Manche Forscher untersuchten die Nachbestattungen unter archäoastronomischen Gesichtspunkten: Es ist ja offensichtlich, dass die Himmelsobjekte Teil unserer Umwelt sind und diese Lebenswelt ordnen, dass sie für uns Raum und Zeit eindeutig und dauerhaft strukturieren. Haben die Menschen damals die Gestirne beobachtet? Lässt sich aus den „Stangensetzungen“ ein Bezug zu einem Mondkalender nachweisen? Lassen sich aus der Lage der Gräber sogar tatsächlich Sternbilder ablesen? Hatte der Hügel daher auch eine sakrale Funktion? Kann man daraus eine Vorstellung von der Welt der Ideen und Konzepte der Menschen bekommen?
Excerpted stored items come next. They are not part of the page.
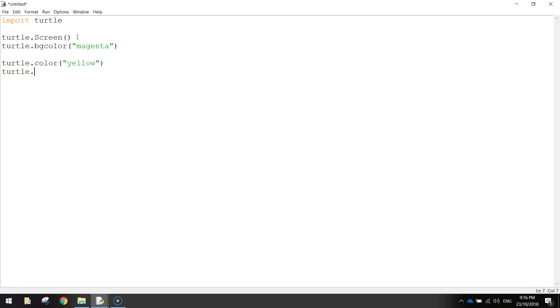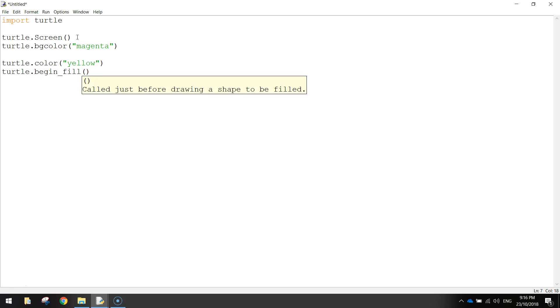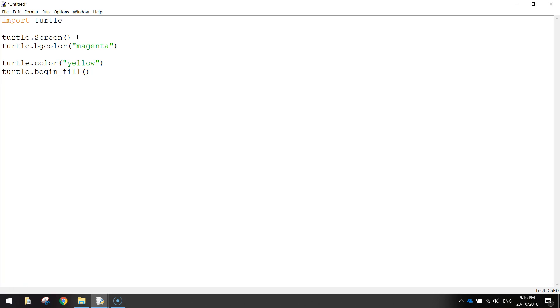Once we've written that, on the next line we'll do turtle.begin_fill(), which runs a function to say we're going to start filling in whatever shape we draw next. It's going to be a solid shape with a fill color.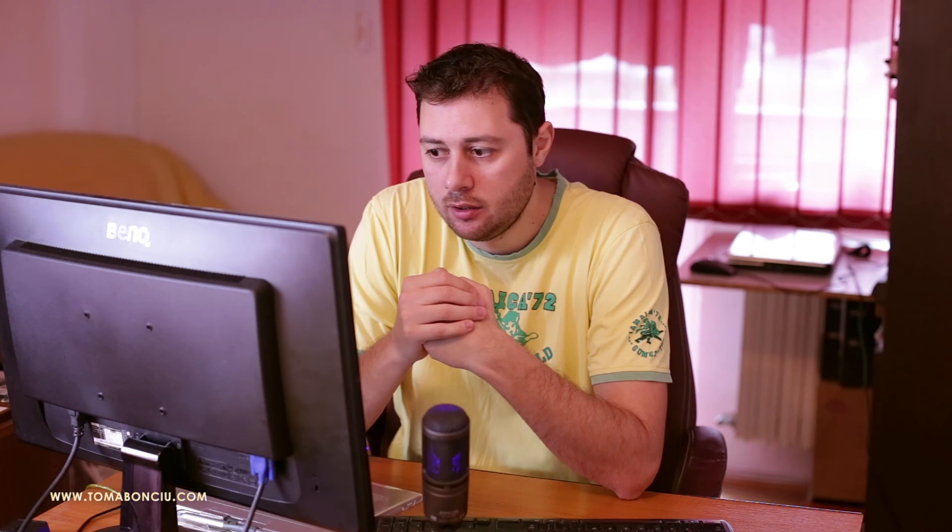So until next time, keep on photographing. It's the only way that you can get better. Thanks for watching and bye bye.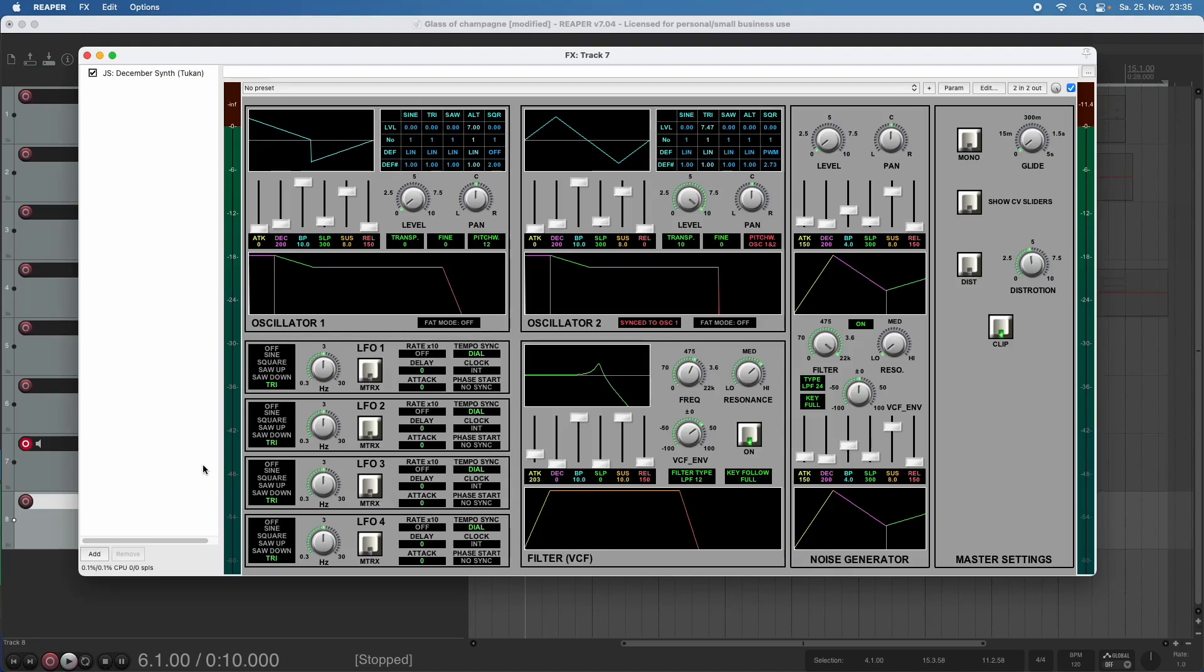Hi everybody. Today before we get to the new feature, let's see what I forgot to tell you yesterday. Yesterday we already had two options that I didn't mention, and these are clock and phase start for each of the LFOs.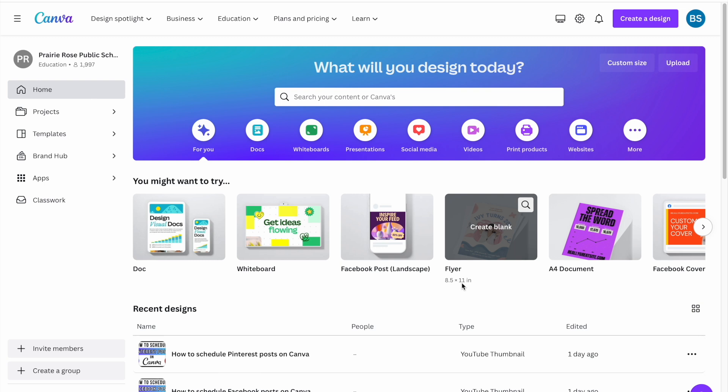Hey everybody, welcome back to my channel. Welcome if you're new here. Today we're going to look at how you can schedule posts to Pinterest through Canva.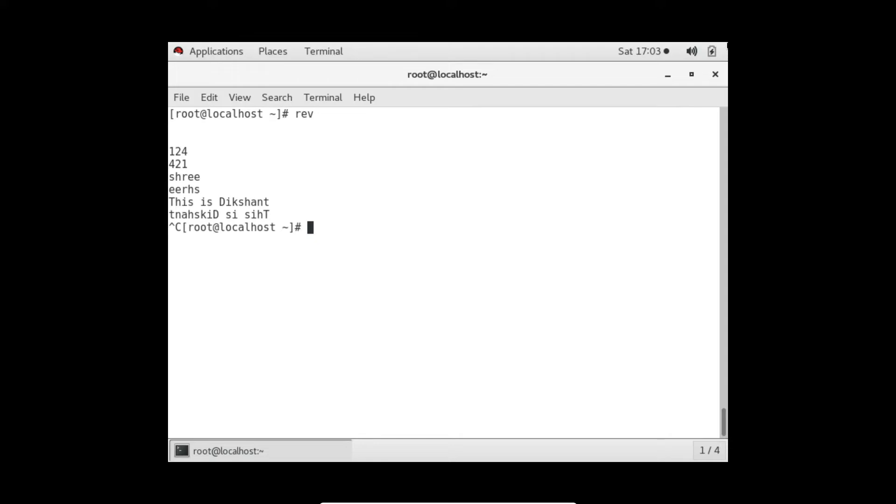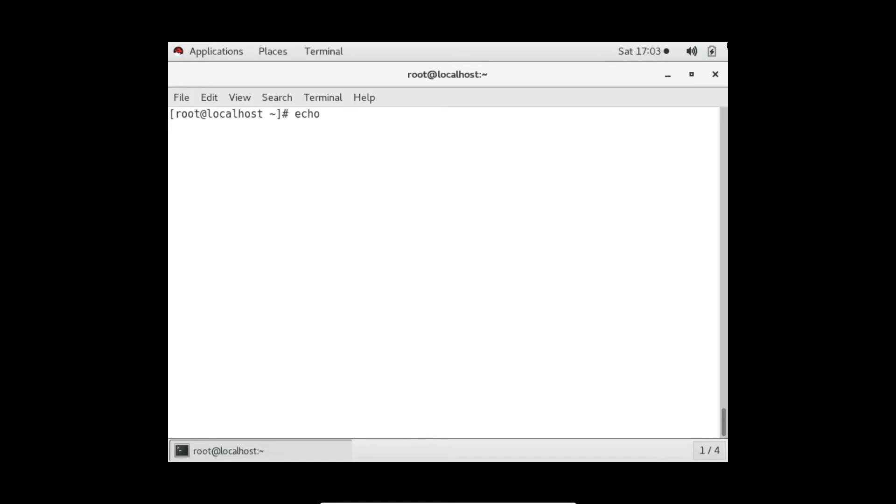So rev by default will take inputs from standard input, that is the keyboard, but we can pipe it from other inputs also. You all know the piping symbol. I have already given you a tutorial on that.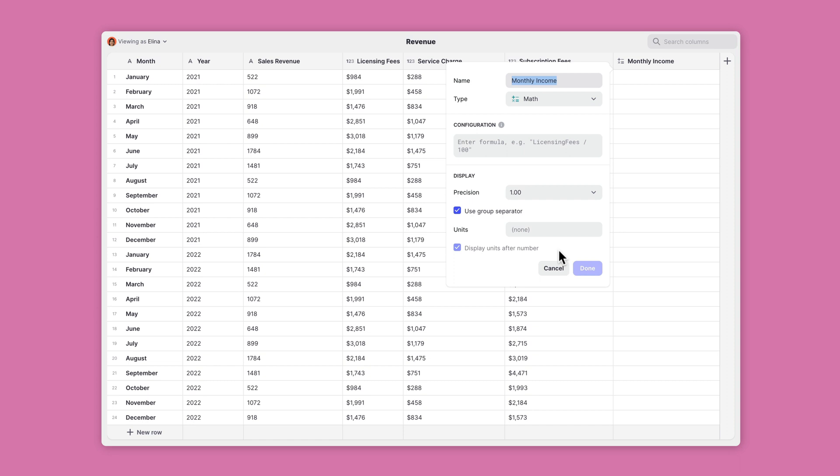Now you get to decide what math it is that you want to do. You can do basic arithmetic like adding, subtracting, multiplying, and dividing, or you can do more complicated functions like logs and absolutes.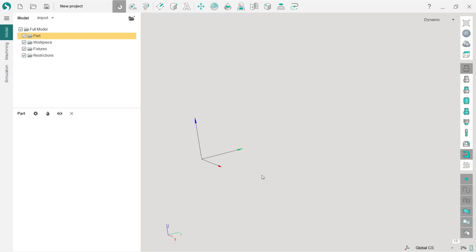Hello, in this video I will show you the basic SprutCAM X robot programming workflow. Here is the SprutCAM X window. I just opened it and still have nothing.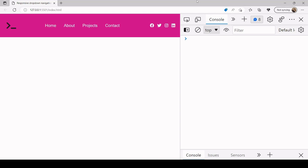Hello everyone, so today what I'm going to be showing you is how you can create a responsive dropdown navigation menu like the one you see on screen using just HTML, CSS and vanilla JavaScript.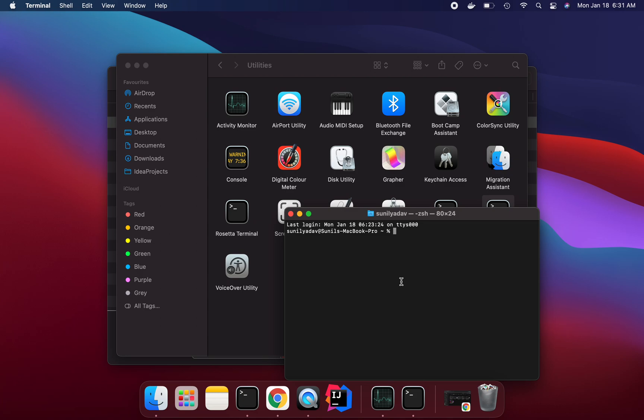So suppose if you want to install Homebrew, you just copy paste the script and run it. It will run for you.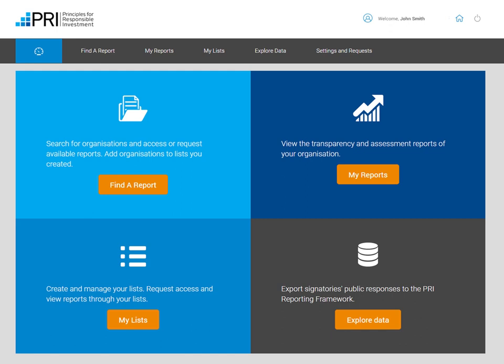The Data Portal is a web-based platform that allows signatories to access reported data. Signatories can view their own reports, as well as search, group and request access to private transparency reports and assessment reports from other signatories. Signatories can also export public responses to selected indicators or whole modules for a desired group of signatories.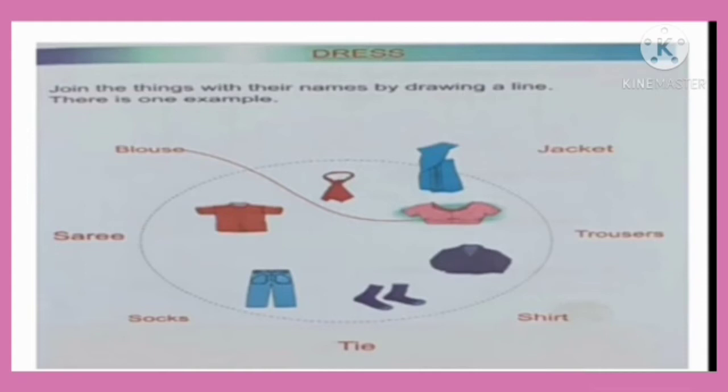Blouse has been matched for us. Now, tie. Can you see the picture of tie? Yes. Can you see the spelling of tie? T-I-E. Tie. And you have to match the picture of tie.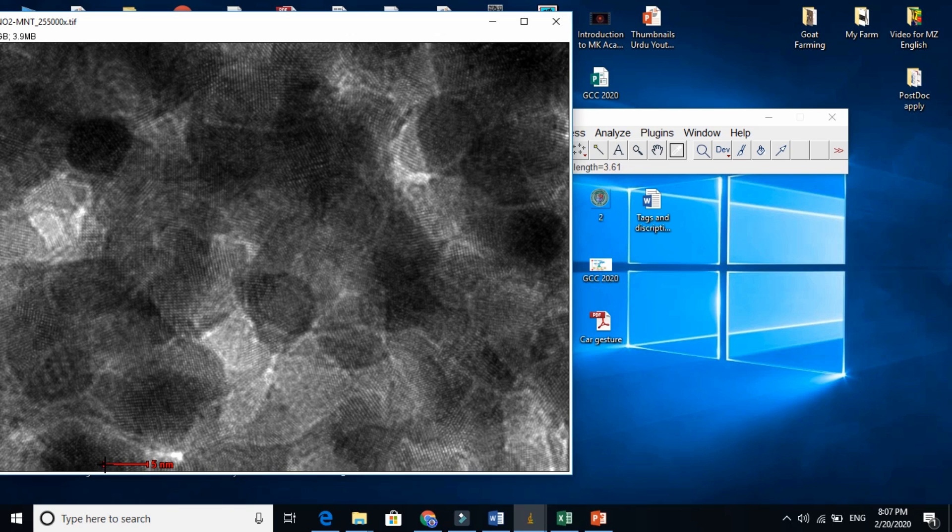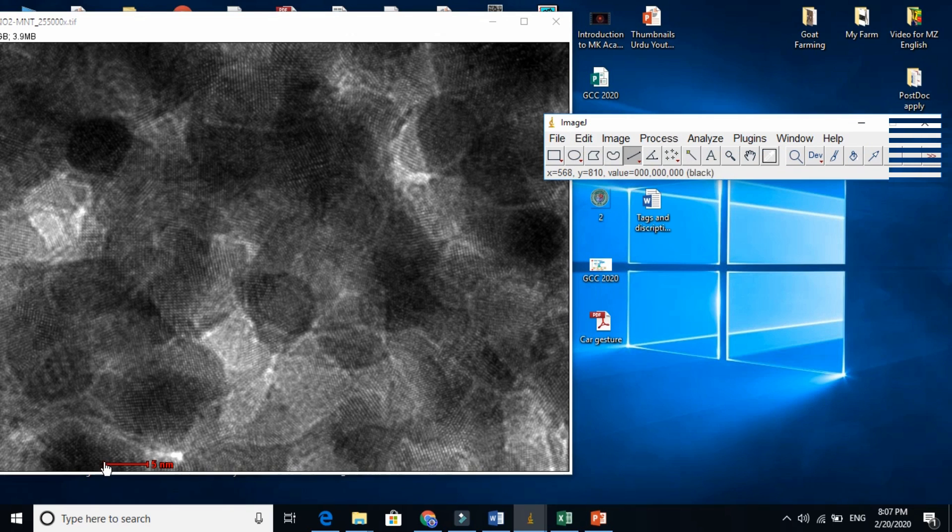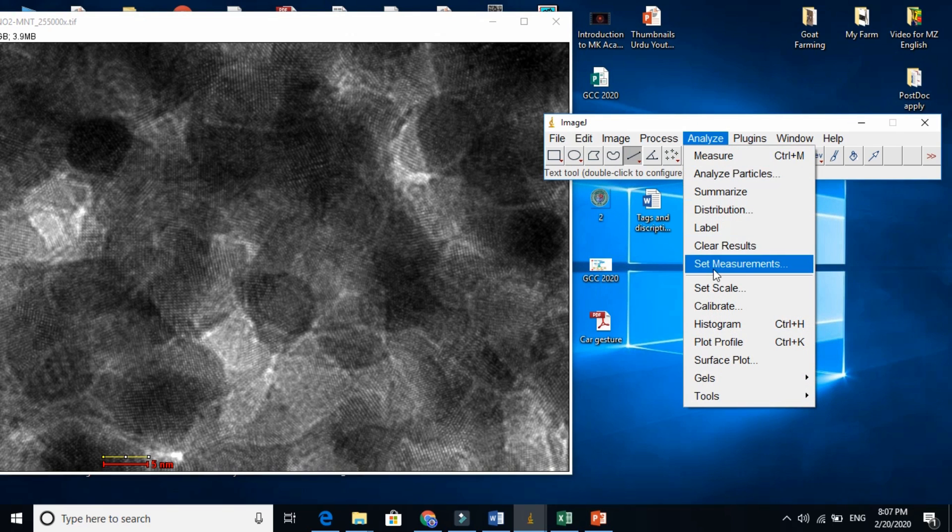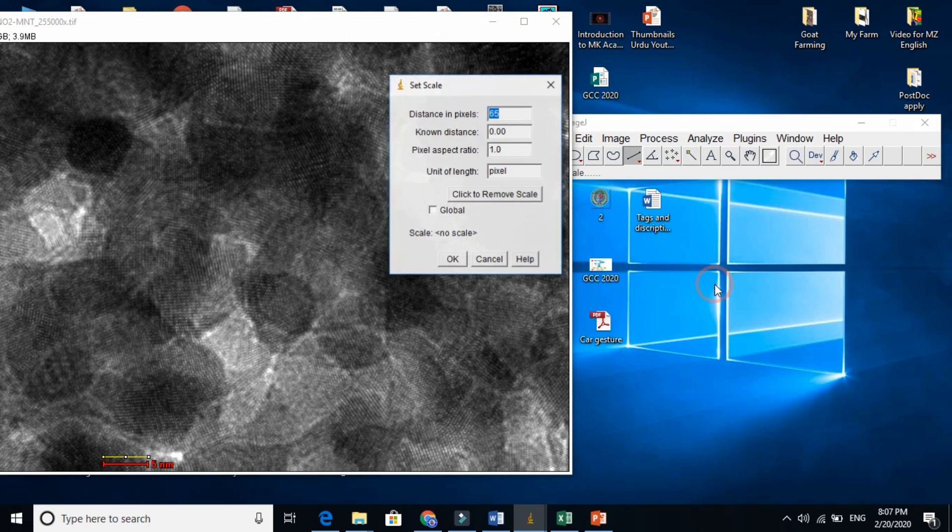And you need to press shift and draw this line here. Draw the line here. Go to analyze here and click set scale here.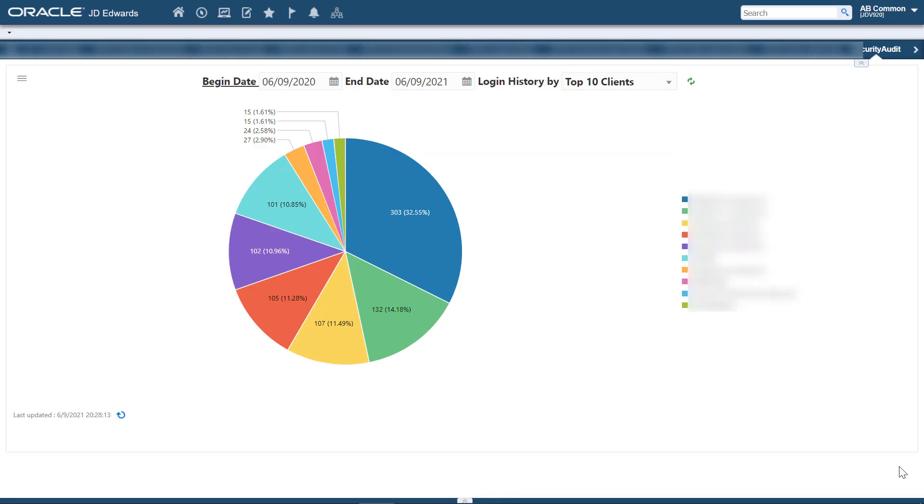You can also view, analyze, and report user activity based on the data captured in the UX1 graphs. These graphs help in providing better input to the security audit process and help in troubleshooting security issues. These charts are filtered by login history. By default, the charts are rendered using the delivered queries.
Man kennt einige weitere große Grabhügel, bei Neuhausen/Königsfeld liegt der „Judenbühl“, bei Hochdorf/Enz liegt das „Fürstengrab“, bei Hohenasperg liegt das „Kleinaspergle“, bei March Hugstetten das „Bürgle“, bei Kappel-Grafenhausen das „Fürstengrab“, mehrere Grabhügel bei Breisach am Rhein. Solche Grabhügel stellen die markantesten Zeugnisse frühkeltischen Totenbrauchtums dar. In den Gräbern fanden sich neben dem persönlichen Schmuck aus Bronze oder Gold auch Grabbeigaben wie Waffen, Keramik, Bronzegeschirr, Wagenteile und sogar Möbelstücke. Besonders reiche Grablegen werden als „Fürstengräber“ bezeichnet. Viele Objekte bezeugen weitreichende Kontakte in den Süden, sie waren wertvolle Prestigegüter. Unscheinbare Brandgräber zwischen den Hügeln gelten als Bestattungen der „einfachen“ Bevölkerung. Im Laufe der Latènezeit werden die Grabhügel von gleichförmiger ausgestatteten Flachgräbern abgelöst. Nur wenige, kleinere dieser Friedhöfe sind bekannt. Am Ende der keltischen Epoche vollzieht sich offenbar ein grundlegender Wandel im Bestattungsbrauchtum: Nun finden sich in den Siedlungen vermehrt menschliche Skelettreste, die auf eine mehrstufige Bestattungsweise und auf die Aufbewahrung von Einzelknochen im Rahmen eines Ahnenkultes schließen lassen.